Capacity Unit Hours (CUH), tokens, and Resource Units (RU)

For metering and billing purposes, machine learning models and deployments or foundation models are measured with these units:

  • Capacity Unit Hours (CUH) measure compute resource consumption per unit hour for usage and billing purposes. CUH measures all Watson Machine Learning activity except for Foundation Model inferencing.

  • Resource Units (RU) measure foundation model inferencing consumption. Inferencing is the process of calling the foundation model to generate output in response to a prompt. Each RU equals 1,000 tokens. A token is a basic unit of text (typically 4 characters or 0.75 words) used in the input or output for a foundation model prompt. Choose a plan that corresponds to your usage requirements.

  • A rate limit monitors and restricts the number of inferencing requests per second processed for foundation models for a given Watson Machine Learning plan instance. The rate limit is higher for paid plans than for the free Lite plan.
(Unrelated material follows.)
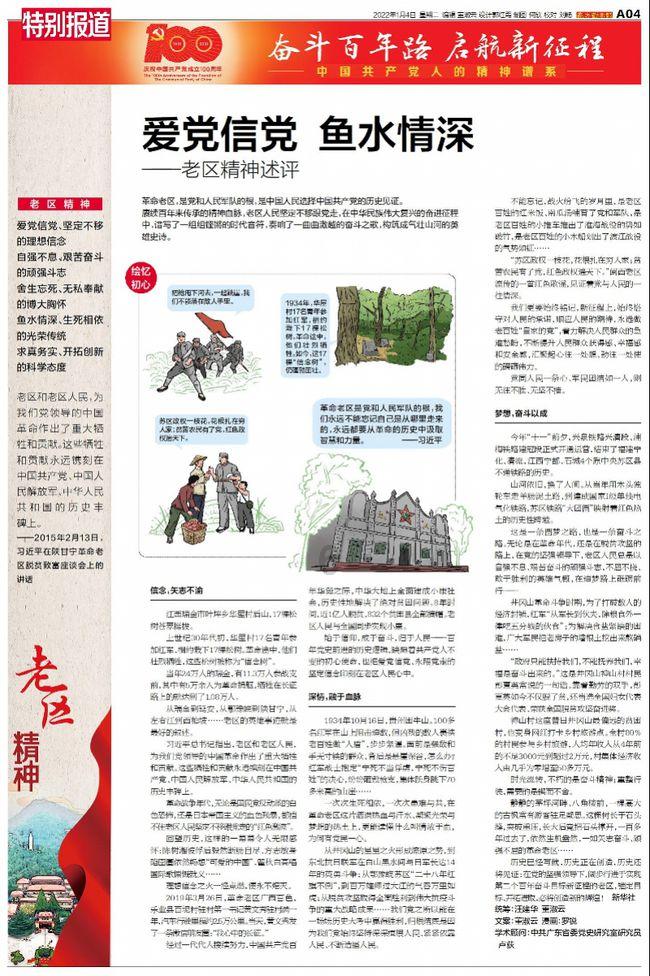 守望先锋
Watson Machine Learning plan details

The Lite plan provides enough free resources for you to evaluate the capabilities of watsonx.ai. You can then choose a paid plan that matches the needs of your organization, based on plan features and capacity.

Table 1. Plan details
Plan features Lite Essentials Standard
Machine Learning usage in CUH 20 CUH per month CUH billing based on CUH rate multiplied by hours of consumption 2500 CUH per month
Foundation model inferencing in tokens or Resource Units (RU) 50,000 tokens per month Billed for usage (1000 tokens = 1 RU) Billed for usage (1000 tokens = 1 RU)
Max parallel Decision Optimization batch jobs per deployment 2 5 100
Deployment jobs retained per space 100 1000 3000
Deployment time to idle 1 day 3 days 3 days
HIPAA support NA NA Dallas region only
Must be enabled in your IBM Cloud account
Rate limit per plan ID 2 inference requests per second 8 inference requests per second 8 inference requests per second

Note: If you upgrade from Essentials to Standard, you cannot revert to an Essentials plan. You must create a new plan.

For all plans:

  • Foundational Model inferencing Resource Units (RU) can be used for Prompt Lab inferencing, including input and output. That is, the prompt you enter for input is counted in addition to the generated output. (watsonx only)
  • Foundation model inferencing is available only for the Dallas, Frankfurt, and Tokyo data centers. (watsonx only)
  • Foundation model tuning in the Tuning Studio is available only for the Dallas, Frankfurt, and Tokyo data centers. (watsonx only)
  • Three model classes determine the RU rate. The price per RU differs according to model class. (watsonx only)
  • Capacity-unit-hour (CUH) rate consumption for training is based on training tool, hardware specification, and runtime environment.
  • Capacity-unit-hour (CUH) rate consumption for deployment is based on deployment type, hardware specification, and software specification.
  • Watson Machine Learning places limits on the number of deployment jobs retained for each single deployment space. If you exceed your limit, you cannot create new deployment jobs until you delete existing jobs or upgrade your plan. By default, jobs metadata will be auto-delete after 30 days. You can override this value when creating a job. See Managing jobs.
  • Time to idle refers to the amount of time to consider a deployment active between scoring requests. If a deployment does not receive scoring requests for a given duration, it is treated as inactive, or idle, and billing stops for all frameworks other than SPSS.
  • A plan allows for at least the stated rate limit, and the actual rate limit can be higher than the stated limit. For example, the Lite plan might process more than 2 requests per second without issuing an error. If you have a paid plan and believe you are reaching the rate limit in error, contact IBM Support for assistance.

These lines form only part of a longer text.